In general, what distinguishes Focusing Guide from Focusing Therapist is the quality and the character of the relationship. The Focusing Therapist is concerned with the “interpersonal space,” as Gendlin calls it, and attends to the quality of that space as a key part of the therapeutic process.
(As an aside, I need to mention that there is some controversy over what to call a therapist who uses Focusing as a primary modality. “Focusing Therapist,” “Focusing-Oriented Therapist,” and “Experiential Therapist,” are three possibilities. I apologize for using the shortest for convenience in this paper.)
In his paper, “Focusing Therapy: Some Basic Statements,” Johannes Wiltschko writes: “I now have to mention the importance of the specific relationship between client and therapist. This is, besides working on the felt sense, the main aspect of Focusing Therapy. … The relational space between client and therapist is the living space in which the client’s developmental process can occur” (The Focusing Folio, 14, 3, available from The Focusing Institute).
Of course there are many different ways of doing Focusing Therapy, so any one of my generalizations about Focusing Therapists may not apply to a particular Focusing Therapist. But I hope that these distinctions make a cluster which, as a whole, distinguishes Focusing Therapist from Focusing Guide.

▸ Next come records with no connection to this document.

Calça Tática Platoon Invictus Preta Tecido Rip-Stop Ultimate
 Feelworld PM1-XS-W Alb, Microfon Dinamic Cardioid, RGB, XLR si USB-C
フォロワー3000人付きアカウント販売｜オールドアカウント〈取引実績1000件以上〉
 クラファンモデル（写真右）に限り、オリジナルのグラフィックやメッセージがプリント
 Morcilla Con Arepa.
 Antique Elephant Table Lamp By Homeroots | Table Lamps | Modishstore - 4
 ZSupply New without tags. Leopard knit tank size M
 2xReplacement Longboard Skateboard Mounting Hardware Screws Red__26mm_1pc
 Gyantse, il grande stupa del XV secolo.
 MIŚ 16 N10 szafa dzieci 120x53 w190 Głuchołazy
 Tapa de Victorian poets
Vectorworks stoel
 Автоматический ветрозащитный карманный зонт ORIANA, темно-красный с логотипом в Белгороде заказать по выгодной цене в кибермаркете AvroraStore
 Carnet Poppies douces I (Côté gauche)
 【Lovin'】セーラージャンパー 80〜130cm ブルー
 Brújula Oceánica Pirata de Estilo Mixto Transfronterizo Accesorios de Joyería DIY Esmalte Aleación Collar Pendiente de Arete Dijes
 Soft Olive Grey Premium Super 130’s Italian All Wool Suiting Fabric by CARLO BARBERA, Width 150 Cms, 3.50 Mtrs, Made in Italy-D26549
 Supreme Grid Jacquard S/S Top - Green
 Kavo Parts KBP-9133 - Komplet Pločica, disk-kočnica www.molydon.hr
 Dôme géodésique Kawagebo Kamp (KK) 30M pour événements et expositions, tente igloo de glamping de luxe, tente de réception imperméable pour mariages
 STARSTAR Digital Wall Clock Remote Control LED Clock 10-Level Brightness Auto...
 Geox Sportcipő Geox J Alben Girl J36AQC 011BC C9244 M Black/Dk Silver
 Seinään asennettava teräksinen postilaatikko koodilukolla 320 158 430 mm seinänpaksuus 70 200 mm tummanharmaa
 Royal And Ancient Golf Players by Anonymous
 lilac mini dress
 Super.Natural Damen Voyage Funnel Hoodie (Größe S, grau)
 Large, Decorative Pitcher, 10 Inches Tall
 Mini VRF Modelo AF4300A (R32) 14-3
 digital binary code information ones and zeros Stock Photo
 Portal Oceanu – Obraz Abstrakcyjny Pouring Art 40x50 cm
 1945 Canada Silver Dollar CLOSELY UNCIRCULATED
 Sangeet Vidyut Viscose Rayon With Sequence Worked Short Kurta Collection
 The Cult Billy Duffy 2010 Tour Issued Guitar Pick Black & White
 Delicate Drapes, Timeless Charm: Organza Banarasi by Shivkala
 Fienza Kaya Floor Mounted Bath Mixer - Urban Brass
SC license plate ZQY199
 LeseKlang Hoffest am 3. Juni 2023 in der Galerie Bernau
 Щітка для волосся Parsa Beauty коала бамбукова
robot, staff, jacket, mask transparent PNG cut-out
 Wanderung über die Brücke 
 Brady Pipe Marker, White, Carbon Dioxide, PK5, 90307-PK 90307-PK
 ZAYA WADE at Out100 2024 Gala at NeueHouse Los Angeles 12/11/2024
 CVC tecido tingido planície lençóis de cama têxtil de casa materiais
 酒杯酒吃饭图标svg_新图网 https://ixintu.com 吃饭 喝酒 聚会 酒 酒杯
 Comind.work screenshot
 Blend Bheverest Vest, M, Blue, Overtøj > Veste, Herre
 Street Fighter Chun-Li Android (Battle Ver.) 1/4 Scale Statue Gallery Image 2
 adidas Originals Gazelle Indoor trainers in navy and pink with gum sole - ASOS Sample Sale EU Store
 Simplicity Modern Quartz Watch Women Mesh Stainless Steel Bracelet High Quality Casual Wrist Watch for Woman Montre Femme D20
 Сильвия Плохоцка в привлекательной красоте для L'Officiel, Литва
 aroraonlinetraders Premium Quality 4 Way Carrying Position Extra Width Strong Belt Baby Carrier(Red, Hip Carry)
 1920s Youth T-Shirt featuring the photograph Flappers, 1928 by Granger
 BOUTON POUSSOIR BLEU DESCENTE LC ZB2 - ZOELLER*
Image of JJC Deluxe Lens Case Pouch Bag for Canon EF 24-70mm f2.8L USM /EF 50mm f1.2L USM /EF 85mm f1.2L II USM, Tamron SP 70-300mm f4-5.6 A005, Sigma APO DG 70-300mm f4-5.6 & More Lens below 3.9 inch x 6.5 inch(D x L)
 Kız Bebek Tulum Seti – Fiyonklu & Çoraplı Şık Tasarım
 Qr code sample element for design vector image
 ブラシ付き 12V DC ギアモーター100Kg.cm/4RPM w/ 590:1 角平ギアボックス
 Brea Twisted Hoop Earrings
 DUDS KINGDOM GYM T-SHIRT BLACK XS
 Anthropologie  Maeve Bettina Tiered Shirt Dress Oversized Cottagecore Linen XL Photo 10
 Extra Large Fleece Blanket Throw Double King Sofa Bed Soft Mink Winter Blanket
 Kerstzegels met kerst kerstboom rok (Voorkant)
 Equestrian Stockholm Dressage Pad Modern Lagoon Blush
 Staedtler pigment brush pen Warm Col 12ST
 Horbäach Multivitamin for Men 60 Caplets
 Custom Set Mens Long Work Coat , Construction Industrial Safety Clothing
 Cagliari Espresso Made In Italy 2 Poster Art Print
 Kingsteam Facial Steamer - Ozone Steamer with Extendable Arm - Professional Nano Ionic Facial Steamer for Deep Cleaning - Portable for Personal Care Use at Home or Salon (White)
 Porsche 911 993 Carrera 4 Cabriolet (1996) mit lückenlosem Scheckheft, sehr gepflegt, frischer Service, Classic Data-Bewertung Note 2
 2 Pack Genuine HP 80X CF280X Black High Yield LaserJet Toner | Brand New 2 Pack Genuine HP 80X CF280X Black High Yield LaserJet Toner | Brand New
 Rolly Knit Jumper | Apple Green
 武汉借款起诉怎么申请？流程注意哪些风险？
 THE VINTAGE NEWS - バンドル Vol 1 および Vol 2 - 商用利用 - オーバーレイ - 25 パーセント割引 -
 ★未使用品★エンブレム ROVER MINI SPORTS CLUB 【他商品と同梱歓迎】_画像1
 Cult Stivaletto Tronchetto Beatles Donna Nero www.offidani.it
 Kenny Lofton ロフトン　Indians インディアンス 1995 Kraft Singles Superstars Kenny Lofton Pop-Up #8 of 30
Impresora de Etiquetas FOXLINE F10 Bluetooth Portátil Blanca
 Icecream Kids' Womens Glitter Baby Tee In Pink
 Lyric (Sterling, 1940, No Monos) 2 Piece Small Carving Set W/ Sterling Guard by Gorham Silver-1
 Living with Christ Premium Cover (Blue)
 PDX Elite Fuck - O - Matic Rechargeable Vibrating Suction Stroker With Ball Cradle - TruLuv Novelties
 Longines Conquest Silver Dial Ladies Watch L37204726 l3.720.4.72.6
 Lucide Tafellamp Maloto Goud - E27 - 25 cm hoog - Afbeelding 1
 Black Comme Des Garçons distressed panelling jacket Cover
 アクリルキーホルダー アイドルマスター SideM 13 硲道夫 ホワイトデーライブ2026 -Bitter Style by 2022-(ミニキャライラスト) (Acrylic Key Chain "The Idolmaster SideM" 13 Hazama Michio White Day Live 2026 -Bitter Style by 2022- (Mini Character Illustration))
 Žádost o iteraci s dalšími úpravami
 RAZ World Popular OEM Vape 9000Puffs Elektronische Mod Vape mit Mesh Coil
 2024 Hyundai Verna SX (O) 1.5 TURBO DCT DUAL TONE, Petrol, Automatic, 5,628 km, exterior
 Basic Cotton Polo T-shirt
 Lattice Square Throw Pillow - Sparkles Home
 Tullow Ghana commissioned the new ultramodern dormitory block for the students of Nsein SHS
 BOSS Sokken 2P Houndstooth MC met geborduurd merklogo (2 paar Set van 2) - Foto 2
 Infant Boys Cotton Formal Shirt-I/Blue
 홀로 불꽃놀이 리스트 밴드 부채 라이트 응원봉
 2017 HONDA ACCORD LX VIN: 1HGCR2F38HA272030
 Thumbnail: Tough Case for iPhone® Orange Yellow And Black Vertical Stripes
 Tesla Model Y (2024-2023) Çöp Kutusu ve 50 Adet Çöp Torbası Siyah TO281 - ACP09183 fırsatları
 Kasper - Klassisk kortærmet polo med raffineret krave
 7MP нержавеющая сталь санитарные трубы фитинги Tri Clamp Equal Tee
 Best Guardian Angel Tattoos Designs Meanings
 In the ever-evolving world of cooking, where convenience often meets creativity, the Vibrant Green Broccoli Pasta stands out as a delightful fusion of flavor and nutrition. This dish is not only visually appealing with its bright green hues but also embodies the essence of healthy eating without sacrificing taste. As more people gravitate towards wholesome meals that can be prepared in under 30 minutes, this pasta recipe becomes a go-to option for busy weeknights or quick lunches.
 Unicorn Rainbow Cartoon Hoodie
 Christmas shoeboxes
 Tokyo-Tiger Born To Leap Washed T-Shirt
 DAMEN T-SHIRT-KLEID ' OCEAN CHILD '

A. The Focusing Guide Primarily Facilitates the Inner Relationship
The Focusing Guide has the job of helping the client to focus. This is primary. Focusing is an inner relationship, so in the office of the Focusing Guide, the inner relationship, the relationship of the client to the felt sense, is primary.
The Focusing Therapist has a larger job: being present for this whole person’s (emotional, spiritual) growth at this time in their life.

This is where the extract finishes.